Well, I'm going away (to Cornwall!!







) for a week. I leave on Saturday.. I'm really looking forward to it..

Except that I can't take Cherry with me







I am going to miss her sooooo much. I spend everyday with her. She is my best friend. 

I've booked her into a boarding kennel, she goes in Friday afternoon. She's not going to be alone as my Mum's Border Collie will be in the same kennel as her and they love each other. I'm just worried. Really worried about leaving her with strangers for a week. Worried that she'll think that I've abandoned her.. Maybe it's just me being paranoid.. I have issues of my own and my dog is my one stable thing, the one thing that keeps me going, I need her. I paid extra so that she's in the 'luxury kennel' for my own peace of mind more than anything. 

So what I really wanted was to hear was your positive experiences with boarding your dog/s. Did they enjoy it? Did they come back to you looking as happy as they did when they went in? Ect. Ect. 

Thanks so much!


----------



## littledmc17 (Apr 9, 2008)

Hopefully she will. Maybe the Kennels in England are better then in Massachusetts. 
When we went to the Bahmas for my sisters wedding we put Brady and Missy in a kennel for a week (1st time Brady was away from me for more than a day. 
I was not happy at all his lips were chapped and red. He had a reaction to cleaning products they used (big sore on his testicles)
and Brady would Not look at me for 2 days. I basically cried for 2 days straight. Next time we go away either they come or I get a cerified bonded pet sitter to stay at the house.


----------



## Shugmort (Aug 8, 2006)

I've boarded my dogs when I've been away and luckily have always had a positive experience. I checked out the facility before bringing them the first time, toured the kennels, made sure they were clean and met the people working there from the kids doing the "grunt" work to the groomer, etc. I also got recommendations from others who had taken their dogs there and were happy. 

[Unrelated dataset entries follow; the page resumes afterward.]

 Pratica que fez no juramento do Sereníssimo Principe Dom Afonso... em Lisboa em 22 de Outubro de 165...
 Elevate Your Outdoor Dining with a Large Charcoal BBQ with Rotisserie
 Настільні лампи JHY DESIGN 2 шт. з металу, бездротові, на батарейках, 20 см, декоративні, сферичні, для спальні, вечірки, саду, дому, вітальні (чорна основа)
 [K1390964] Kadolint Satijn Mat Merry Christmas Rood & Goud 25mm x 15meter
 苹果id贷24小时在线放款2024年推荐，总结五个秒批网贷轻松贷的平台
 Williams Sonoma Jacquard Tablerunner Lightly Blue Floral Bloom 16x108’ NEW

I was a wreck the first time I took Rascal there, sure that he would never forgive me as he was a complete mama's boy. He did fine, was happy to see me and ecstatic to get back home! I probably boarded him about 8-10 times in his life and he never showed any anxiety when he went back so I took that as a sign that he didn't mind it too much.

As long as you checked out the facility (which I'm sure you did) I'm sure Cherry will do fine! 

By the way, I always bring my own food, treats and toys for my dogs so there is no change in their diet and they have some familiar items with them. Not sure if having their own toys help but it makes me feel better! 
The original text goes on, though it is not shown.